Fünf Jahre nach der erfolgreichen Kickstarter-Kampagne ist Mografis Mystery-Abenteuer mit der jungen Detektivin Jenny LeClue endlich fertig. Gedacht ist es als Beginn einer Trilogie und soll einen bunten Gameplay-Mix mit viel Story und einer ordentlichen Portion Humor bieten. Alles Weitere zu diesem Spiel aus den USA verraten wir Euch in unserem Test.
HINWEIS: Weil das Spiel kein klares Ende hat und als Fortsetzungsgeschichte ausgelegt ist, haben wir uns dazu entschieden es als Preview zu testen und weitere Fortsetzungen abzuwarten.

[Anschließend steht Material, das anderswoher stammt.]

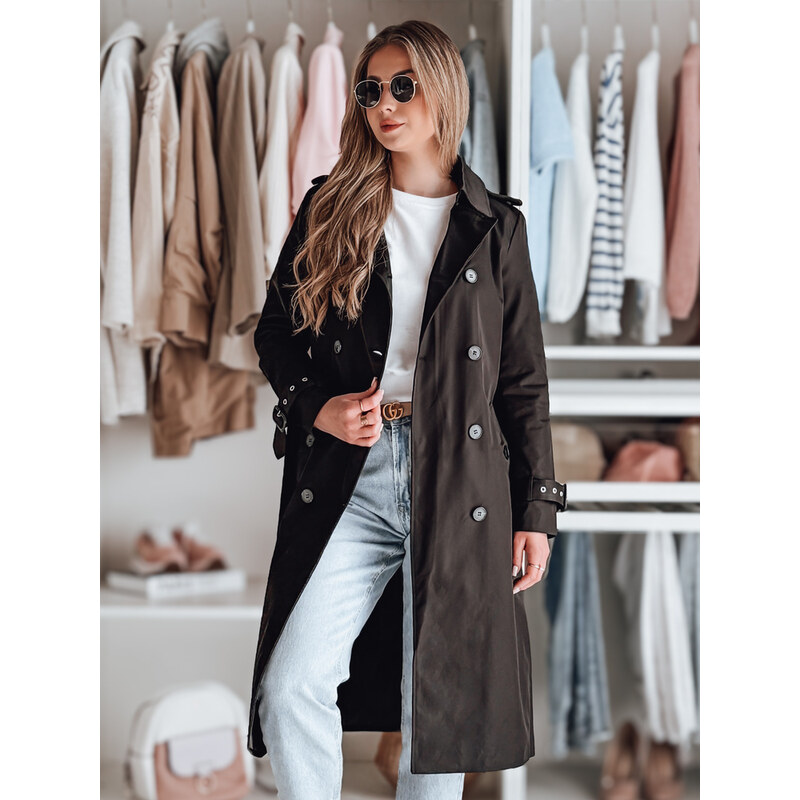 BASIC Čierny dlhý trenčkot s pásikom SLIMFOTA NY0747 62600428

Ein Mystery-Abenteuer auf mehreren Erzählebenen
Jenny LeClue lebt in der Kleinstadt Arthurton. Sie ist exzentrisch, unsensibel und schert sich nicht um modische Äußerlichkeiten. Ihr Freundeskreis an der Gumboldt Universität ist zunächst sehr überschaubar. Nur Keith, der Sohn des Direktors, verbringt gerne Zeit mit ihr - sofern er nicht in einer ulkigen Kaffeebecher-Verkleidung steckt und Mr. Beans Kaffee verkauft. Dann wäre da noch Cousine Suzie Glatz, die jedoch aus der reichsten Familie stammt und zumindest auf den ersten Blick all das repräsentiert, was die junge LeClue zu tiefst ablehnt.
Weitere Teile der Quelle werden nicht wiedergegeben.